Dividends from CCC are subject to the insurance holding company laws of the State of Illinois, the domiciliary state of CCC. Under these laws, ordinary dividends, or dividends that do not require prior approval by the Department are determined based on statutory net income and surplus as well as timing of dividends paid in the preceding twelve months. Ordinary dividends may only be paid from earned surplus, which is calculated by removing unrealized gains from unassigned surplus. As of December 31, 2014, CCC is in a positive earned surplus position, enabling CCC to pay approximately $466 million of dividend payments during 2015 that would not be subject to the Department’s prior approval. The actual level of dividends paid in any year is determined after an assessment of available dividend capacity, holding company liquidity and cash needs as well as the impact the dividends will have on the statutory surplus of the applicable insurance company.
Combined statutory capital and surplus and net income (loss), determined in accordance with accounting practices prescribed or permitted by insurance and/or other regulatory authorities for the Combined Continental Casualty Companies and the life company, were as follows.
Statutory Information
 
Statutory Capital and Surplus
 
Statutory Net Income (Loss)
 
December 31
 
Years ended December 31
(In millions)
2014 (a)
 
2013 (b)
 
2014 (a)
 
2013
 
2012
Combined Continental Casualty Companies
$
11,155

 
$
11,137

 
$
914

 
$
913

 
$
391

Life company


 
597

 
37

 
48

 
44

________________
(a)
Information derived from the statutory-basis financial statements to be filed with insurance regulators.
(b)
Represents the combined statutory surplus of CCC and its subsidiaries, including the life company.

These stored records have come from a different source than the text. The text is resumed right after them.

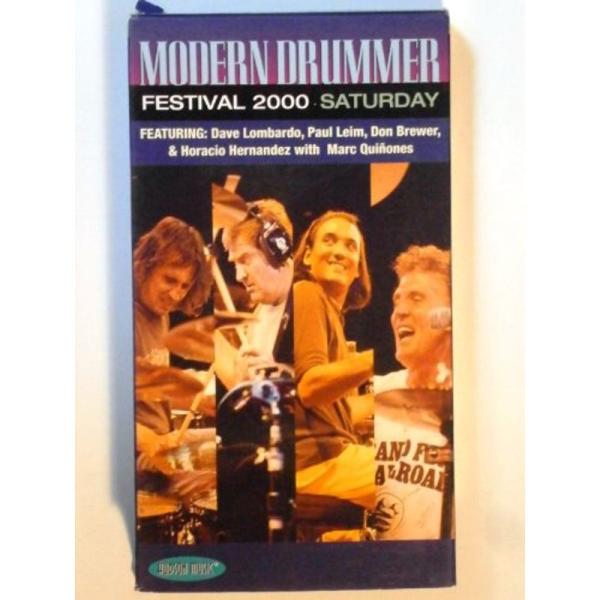 モダンドラマーフェスティバル2 VHS: 商品のタイトル【中古品】(中古品)＝使用済み中古品です。画像の商品はサンプル画像です。実際に届く商品と異なりますのでご了承下さいませ。※中古品のため、商品のコンディション、ケース、説明書等の付属品の...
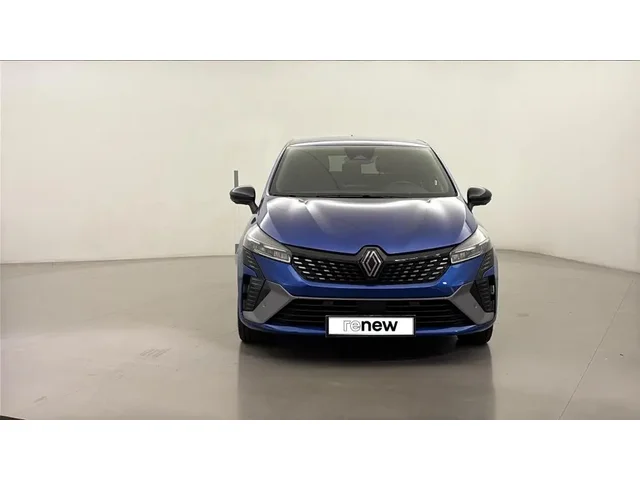 Occasion Renault Clio à CRETEIL chez RENAULT | CRETEIL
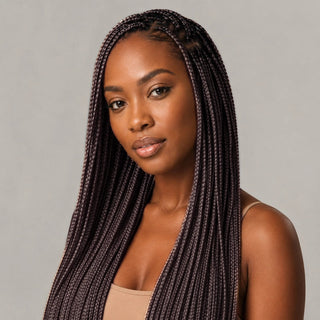Shade Selector – Permanent Color Edition + FREE Color Alive Shampoo & Conditioner, Hair Serum and Leave-In Conditioner Moehair USA Inc.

CNAF’s domestic insurance subsidiaries are subject to risk-based capital (RBC) requirements. RBC is a method developed by the NAIC to determine the minimum amount of statutory capital appropriate for an insurance company to support its overall business operations in consideration of its size and risk profile. The formula for determining the amount of RBC specifies various factors, weighted based on the perceived degree of risk, which are applied to certain financial balances and financial activity. The adequacy of a company's actual capital is evaluated by a comparison to the RBC results, as determined by the formula. Companies below minimum RBC requirements are classified within certain levels, each of which requires specified corrective action.
The statutory capital and surplus presented above for CCC was approximately 270% and 265% of company action level RBC at December 31, 2014 and 2013. Company action level RBC is the level of RBC which triggers a heightened level of regulatory supervision. The statutory capital and surplus of the Company's foreign insurance subsidiaries, which is not significant to the overall statutory capital and surplus, also met or exceeded their respective regulatory and other capital requirements.
The Hardy entities are not owned by CCC, therefore their regulatory capital is not included in the Statutory Capital and Surplus of the Combined Continental Casualty Companies presented in the table above. At December 31, 2014, Hardy's portion of Syndicate 382's capital requirement included $105 million of capital provided by CCC which is included in Combined Continental Casualty Companies' Statutory Capital and Surplus above.